In what seems a logical business move but perhaps not a good trust-engendering move, a handful of biologics contract manufacturers are applying what they have learned making other companies’ biopharma products to developing their own proprietary pipelines.
Some CMOs, it turns out, have been using their manufacturing capacity not only to produce revenues but also to accumulate and polish the know-how to develop their own proprietary drugs.
One example is Biovest International, which is developing Biovax ID, an autologous therapeutic cancer vaccine for non-Hodgkin lymphoma. Biovest, a contract manufacturer, was selected in the early 90s by the NCI to develop the vaccine under a CRADA.
To date, Biovest and the NCI have completed three clinical trials including a Phase III study establishing the therapeutic vaccine’s safety and efficacy for the treatment of indolent follicular non-Hodgkin lymphoma.
On June 20 of this year, Biovest announced that it had submitted notification to the European Medicines Agency informing the agency of its intent to file a Marketing Authorization Application (MAA) seeking approval in the European Union for BiovaxID. Upon approval, BiovaxID would be the first cancer vaccine available in Europe for lymphoma patients.
According to Douglas W. Calder, vp, strategic planning & capital markets, “Biovest’s founding core competency is in providing GMP cell culture biomanufacturing solutions for virtually every kind of protein product including therapeutics and diagnostics.”
“With over three decades of experience in contract manufacturing, we’ve managed every aspect of the life cycle for protein drug production for thousands of clients, and this business unit has provided Biovest with not only a source of revenues to help support our own proprietary cancer vaccine development, but more importantly with what we believe are the most innovative cell culture instruments and production techniques for the manufacture of vaccines and cell-based products, including autologous personalized medicines.”

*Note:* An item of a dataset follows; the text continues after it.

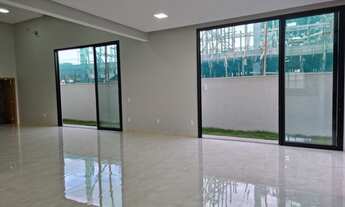 Imagem 6: Casa de condomínio térrea para venda possui 260 metros quadrados com 4 quartos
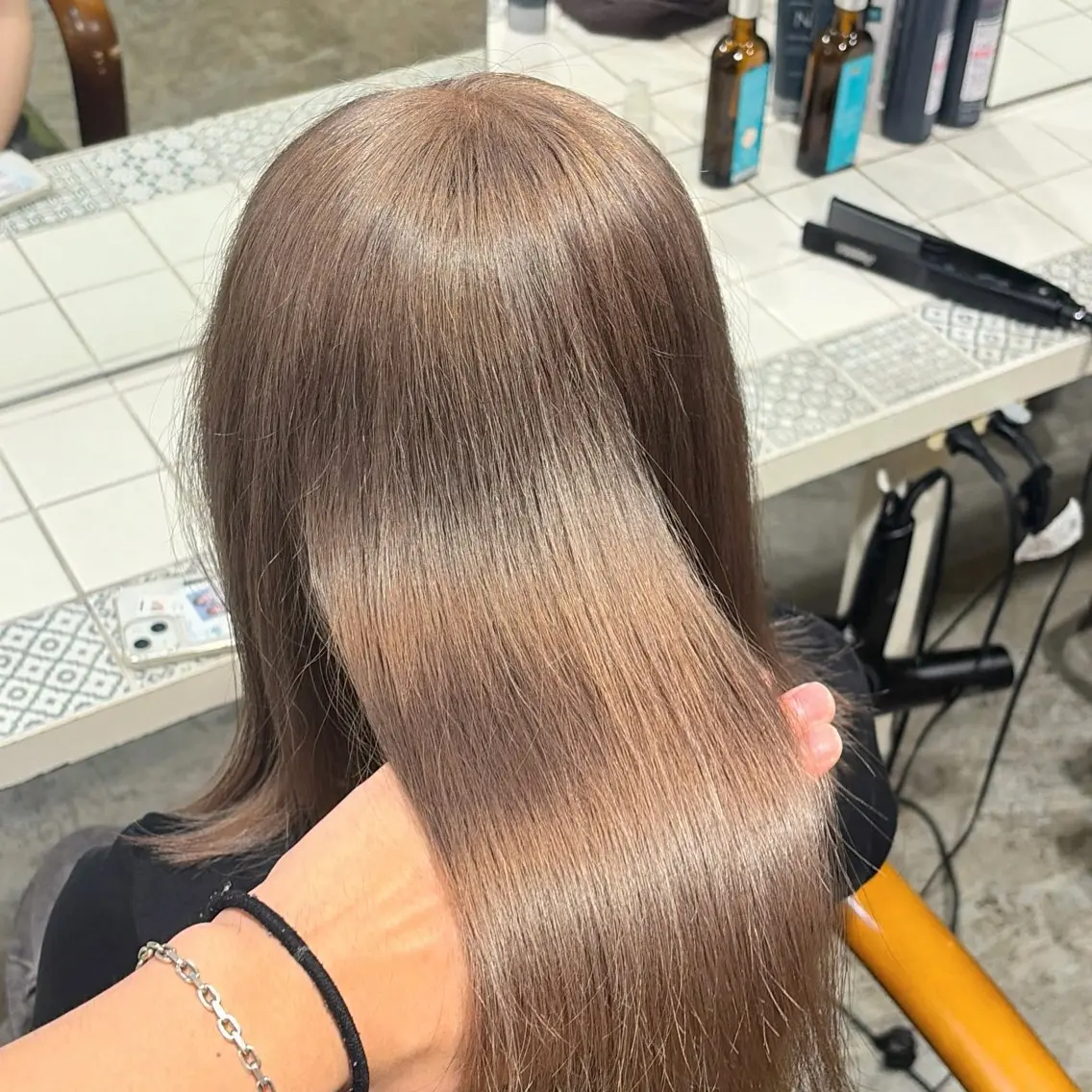カラー ヘアカラー 五川 懸心のヘアスタイル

Another innovative CMO is South Korea’s Celltrion, which currently has several biosimilars in development, including a CD-PO6 anti-her2 neu antibody, a CT-P13 (Infliximab) that neutralizes TNDF-α, and its anti-CD20 antibody, CT-P10.
But besides the development and manufacturing of these biosimilars, Celltrion is advancing its own biopharmaceutical development using, it says, accumulated R&D capabilities and technologies gained through co-development agreements with pharmaceutical and biotechnology companies.
Celltrion is focused on developing several of its own drugs, including CT-P27, an antiviral intended to act against pandemic and seasonal influenza infections. The company says the product, which contains two mAbs, CT-P22 and CT-P23, has shown antiviral activity against major influenza viruses including H1N1, H3N2, and H5N1.
Also under development are the company’s CT-P19, a therapeutic monoclonal antibody that is being co-developed with the U.S. Department of Health and Human Services, and its CT-PO4, a preclinical development-stage anti-GP88 mAb intended to treat breast cancer being co-developed with A&G Pharmaceuticals.
The agreement provides Celltrion exclusive commercialization rights in Asia, including Japan, to anti-GP88 oncology therapies. In return, A&G will receive clinical materials and milestones worth up to $6.4 million as well as royalties on any future anti-GP88 cancer therapeutic product sales by Celltrion in Asia. A&G retains all commercialization rights to its anti-GP88 monoclonal antibody in North America, Europe, and the rest of the world.
It will be interesting to see, in the long run, if any new biopharmaceutical companies will morph from CMOs implementing a business model in which manufacturing revenues drive the development of their own drugs.